IndexError when training

nplus · March 27, 2019, 5:29pm

Experimenting with the Transformer model and training errors out before 10k steps:

Step 7800/200000; acc: 25.59; ppl: 48.25; xent: 3.88; lr: 0.00096; 212/101 tok/s; 7194 sec [6/1881]

Traceback (most recent call last):
  File "/home/u/OpenNMT-py/train.py", line 109, in <module>
    main(opt)
  File "/home/u/OpenNMT-py/train.py", line 39, in main
    single_main(opt, 0)
  File "/home/u/OpenNMT-py/onmt/train_single.py", line 116, in main
    valid_steps=opt.valid_steps)
  File "/home/u/OpenNMT-py/onmt/trainer.py", line 192, in train
    self._accum_batches(train_iter)):
  File "/home/u/OpenNMT-py/onmt/trainer.py", line 127, in _accum_batches
    for batch in iterator:
  File "/home/u/OpenNMT-py/onmt/inputters/inputter.py", line 588, in __iter__
    for batch in self._iter_dataset(path):
  File "/home/u/OpenNMT-py/onmt/inputters/inputter.py", line 573, in _iter_dataset
    for batch in cur_iter:
  File "/home/u/anaconda3/lib/python3.6/site-packages/torchtext/data/iterator.py", line 156, in __iter__
    yield Batch(minibatch, self.dataset, self.device)
  File "/home/u/anaconda3/lib/python3.6/site-packages/torchtext/data/batch.py", line 34, in __init__
    setattr(self, name, field.process(batch, device=device))
  File "/home/u/OpenNMT-py/onmt/inputters/text_dataset.py", line 121, in process
    base_data = self.base_field.process(batch_by_feat[0], device=device)
IndexError: list index out of range

The documentation lists many hyperparameters that are needed for the transformer, so I’m not sure which one of them may be affecting this. I did have to adjust some because my GPU setup couldn’t handle the ones in the documentation. I am also using pretrained embeddings. Here are the train params I am using:

~/OpenNMT-py/train.py
-save_model data/model
-pre_word_vecs_enc ~/data/embeddings.enc.pt
-pre_word_vecs_dec ~/data/embeddings.dec.pt
-data ~/data/data
-save_model ~/data/model
-layers 6
-rnn_size 512
-word_vec_size 512
-transformer_ff 2048
-heads 8
-encoder_type transformer
-decoder_type transformer
-position_encoding
-train_steps 200000
-max_generator_batches 2
-dropout 0.1
-batch_size 128
-batch_type tokens
-normalization tokens
-accum_count 2
-optim adam
-adam_beta2 0.998
-decay_method noam
-warmup_steps 8000
-learning_rate 2
-max_grad_norm 0
-param_init 0
-param_init_glorot
-label_smoothing 0.1
-valid_steps 10000
-save_checkpoint_steps 10000
-world_size 1
-gpu_ranks 0
-train_from ~/data/model_step_200.pt

guillaumekln · March 28, 2019, 4:33pm

Can you try a larger batch size? Note that it is expressed in number of tokens, not examples.

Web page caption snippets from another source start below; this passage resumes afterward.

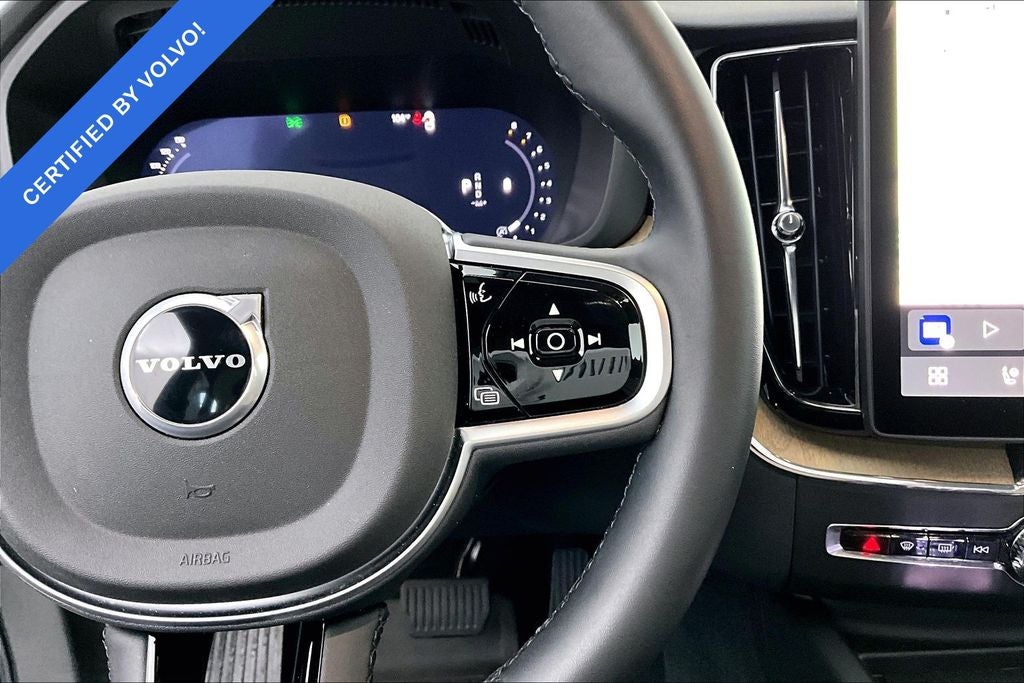 2026 Volvo XC60 B5 Plus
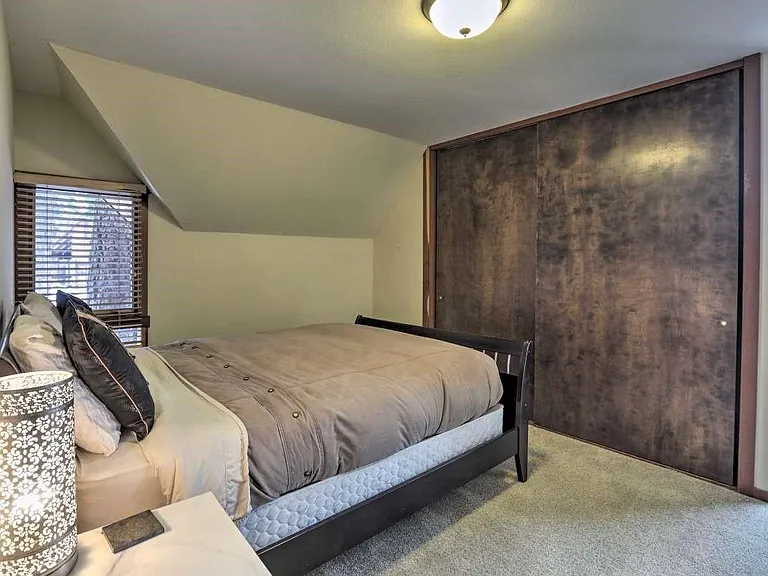 708 Clayton Way — Photo 20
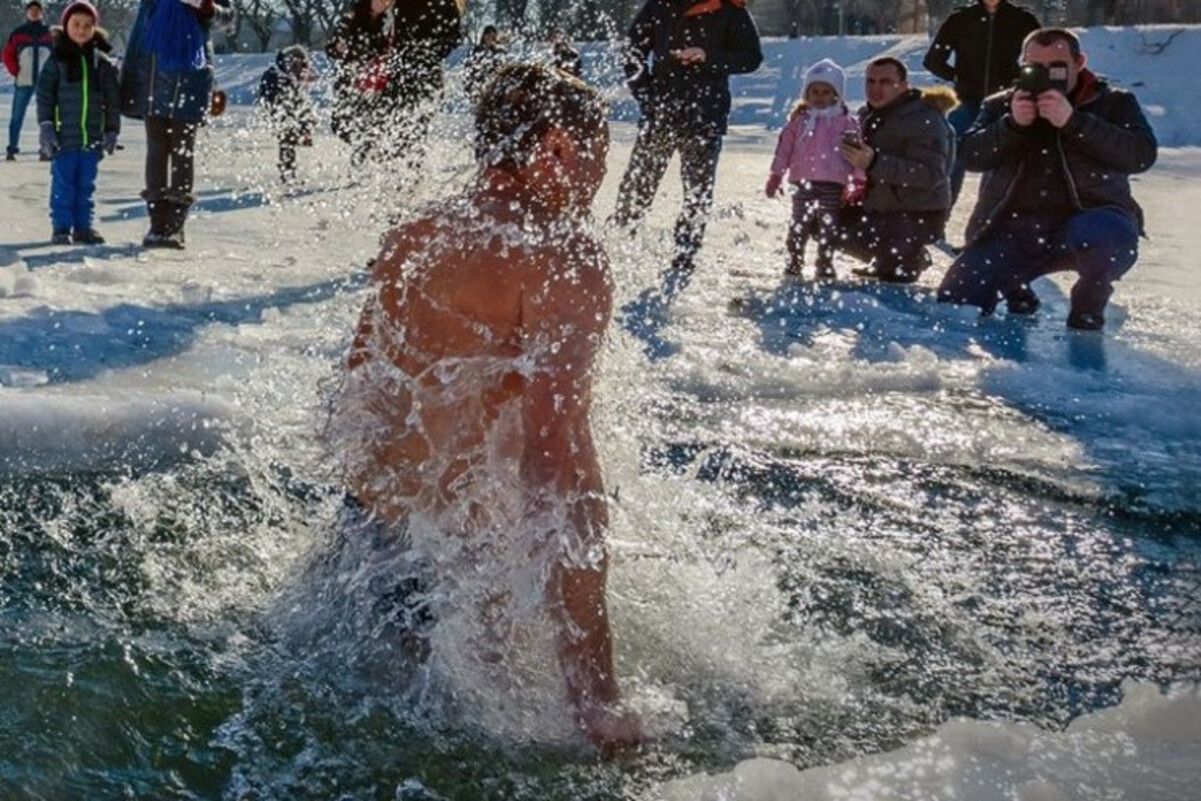 "Буковель" скасував водохресний Фестиваль моржів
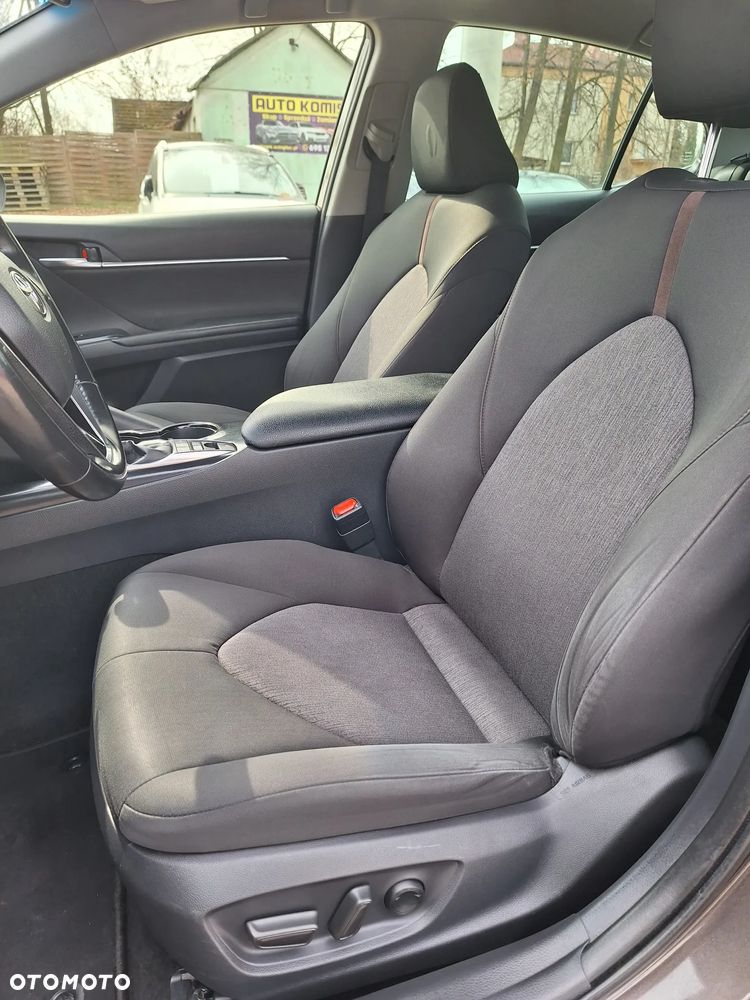Toyota Camry 2.5 Hybrid Comfort CVT - 20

nplus · March 28, 2019, 6:45pm

Thanks for the response. I can try a larger batch size - I reduced it because the GPU I am working with has 8GB memory, and while the model would fit comfortably into the GPU’s memory during training, the process was erroring out during validation at 10000 steps when it tried to allocate an additional 3GB of memory.

Can you think of a way to not have it allocate so much memory during the validation step, or do you think I need to invest in a GPU with more than 8GB memory capacity?

guillaumekln · March 28, 2019, 7:43pm

Check for sentences that are too long in your validation data.